At the Women Deliver 2019 Conference, the largest in the world for gender equality, delegates will come together to unlock power at three levels: individual, structural, and collective. They will plan for action around how to pull these levers to drive gender parity, especially with regard to women’s economic empowerment.
And not a day too soon. Just last December, the World Economic Forum reported that while the global gender gap is slowly narrowing, the economic participation and opportunity gap stands at 58 percent. Put simply, it will take around 202 years for women to reach economic equality.
The costs of inequality are all of ours to bear. The World Bank estimates that nations leave as much as $160 trillion on the table when women don’t fully participate in national economies.
And we also know the opposite to be true. Research shows that women reinvest more of their income in their families, including in their children’s health and education, than men do—creating a ripple effect that benefits present and future generations.
All this raises an urgent question for decision-makers: If equal economic opportunity is a clear economic and social win for all, why wait 202 years to reap its benefits?

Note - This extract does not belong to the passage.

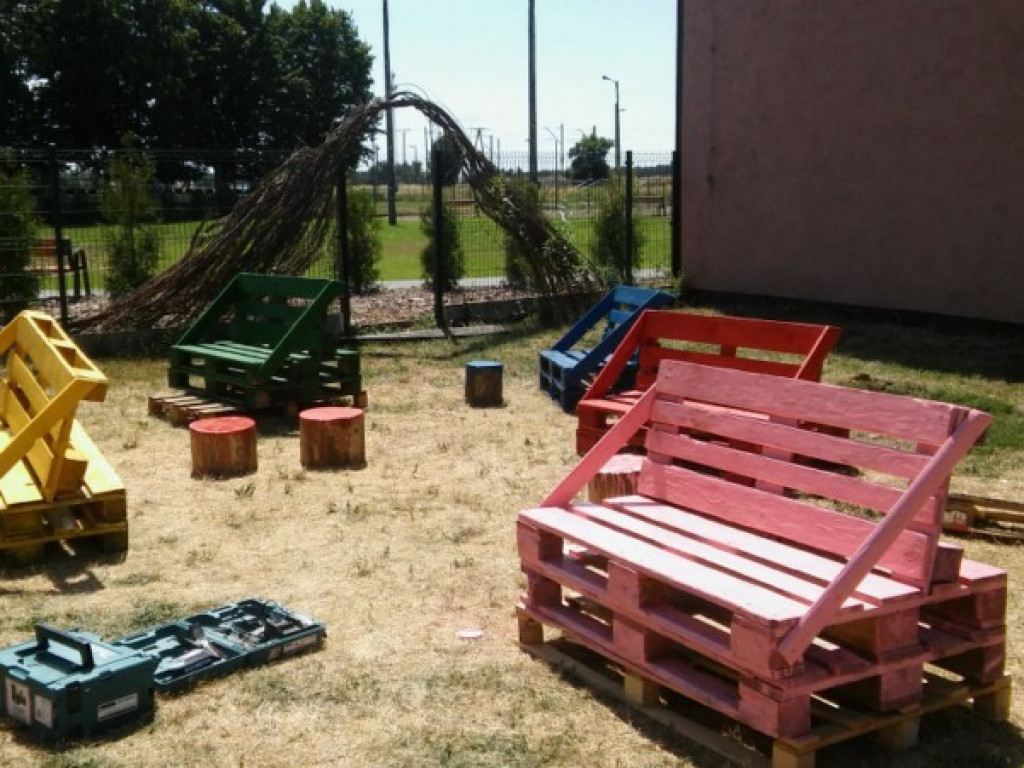 Młodzi ludzie zakasali rękawy i mają miejsce do spotkań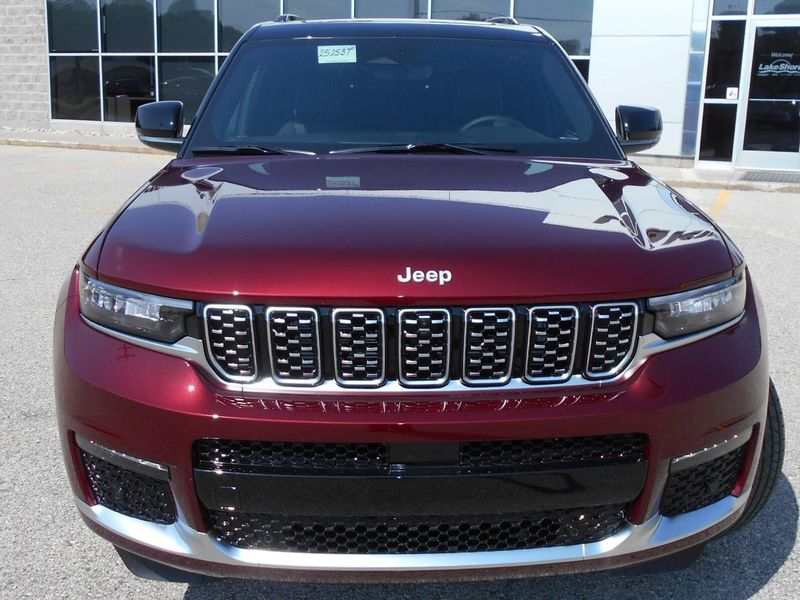 New 2025 Jeep Grand Cherokee L Summit Reserve 4x4Image 36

Fortunately, we do not have to wait, provided we take action. The economic gender gap is deep rooted and long standing, which means we have had some years to cook up and test out solutions. The results?
We have learned that if we leverage the power of individuals, structures, and movements to push for girls’ and women’s equal economic participation, we get ourselves a step closer to a gender equal world—along with its dividends.
At the individual level, women around the world are resilient economic agents, overcoming gender-based roadblocks to economic security for themselves and their families every day. Policies and investments that increase their agency over career and finances could go a long way to boost women’s economic empowerment.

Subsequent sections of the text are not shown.